El pintor Antonio González Velázquez
1785 - 1790. Óleo sobre lienzo, 80 x 58 cmNo expuesto
Se trata de una versión con variantes del retrato del pintor Antonio Miguel González Velázquez y Viret (Madrid, 1723-Madrid, 1794) (P7460) (Texto extractado de: Pintura del Siglo XIX en el Museo del Prado: Catálogo General, Madrid: Museo Nacional del Prado, 2015, p. 239).
Hijo del escultor Pablo González Velázquez y de doña Ana Vixet, Antonio González Velázquez (1723-1794) casó en primeras nupcias con doña María Machado, natural de Madrid, con la que tuvo dos niñas, Lorenza y María, de las cuales la segunda se casaría con el pintor Mariano Salvador Maella. Contrajo de nuevo matrimonio con doña Manuela Tolosa y Aviñón (P7459), unión de la que nacieron al menos ocho hijos, entre ellos el autor de este retrato. Formado en Roma con Corrado Giaquinto (1703-1766), su maestro llegaría a asegurar que la habilidad de aquel discípulo aumentaría si se detiene en los trabajos y pierde la viveza y prontitud con que los ejecuta. Fue un excelente fresquista y dominó, mejor que muchos pintores españoles de su tiempo, el arte de la composición y de la perspectiva. Su estilo es uno de los más intuitivos y jugosos de toda la pintura española de entonces pudiéndosele considerar como el mejor preparado y el que más imaginación demostró entre todos sus colegas. Hizo un testamento el día 12 de enero de 1794 y mandó que le enterrasen en un nicho del convento de carmelitas descalzos de Madrid.

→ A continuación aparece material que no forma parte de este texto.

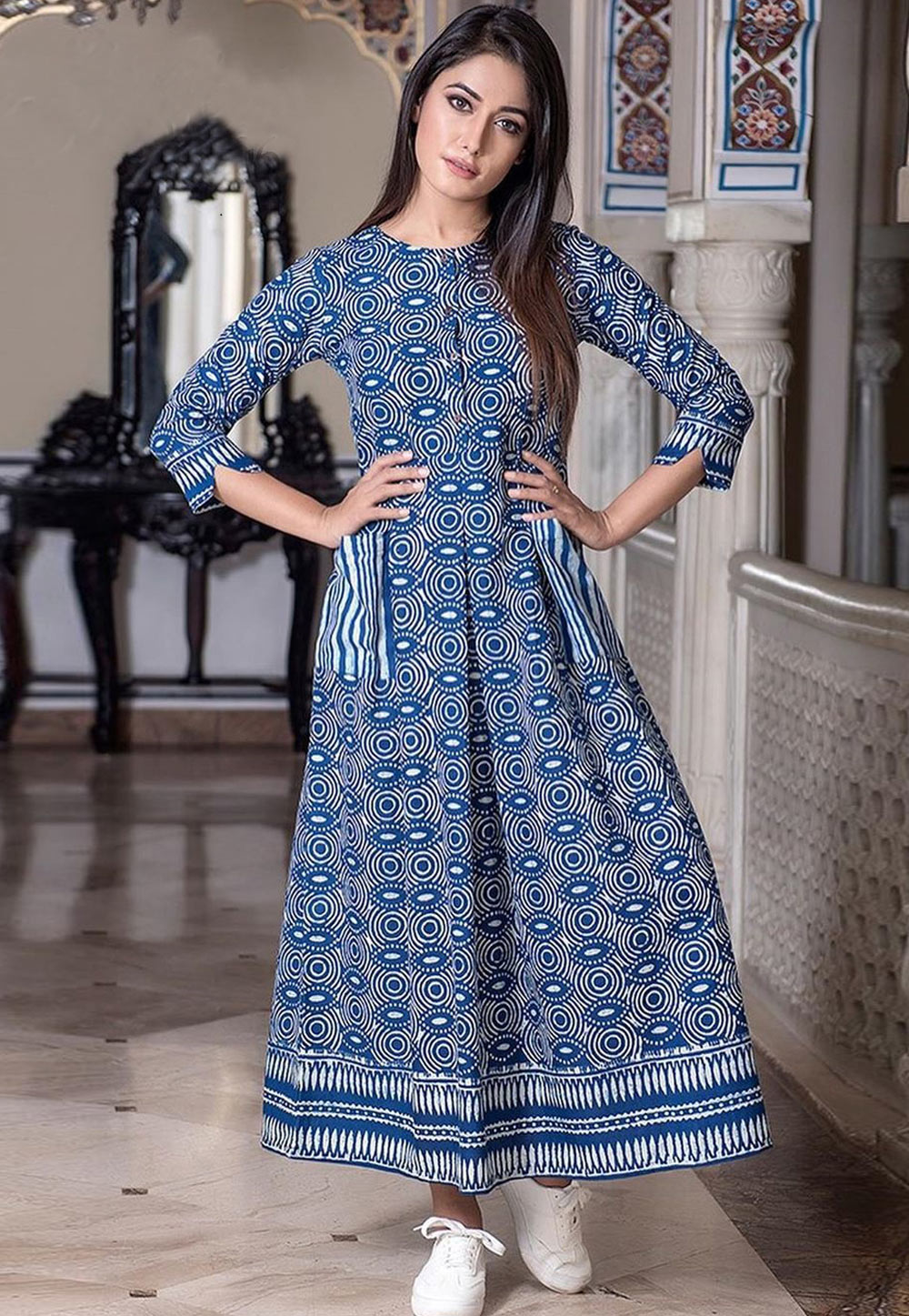 Blue Muslin Readymade Printed Gown 181143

Se muestra al pintor de medio cuerpo, con la paleta y los pinceles en las manos, sentado en una silla tosca, junto a una mesa en la que se aprecian distintos objetos, entre ellos sus lentes. Posee una figura corpulenta, ostenta peluca, con lazo y coleta que caen por la espalda y el hombro izquierdo, sobre una cabeza grande y rostro de facciones anchas y notable papada. Viste una amplia casaca, con camisa abierta ribeteada de encajes que combinan con los de los puños. El cromatismo es rico y diversificado, armonizando el del atuendo con la cortina adamascada amarilla, que enriquece la composición. No existe ninguna tendencia a la idealización o a la autolisonja, ni tampoco se advierte el deseo de agradar a un supuesto espectador. (Texto extractado de: Luna, J. J.; El retrato español en el Prado. Del Greco a Goya, Madrid: Museo Nacional del Prado, 2006, p. 164).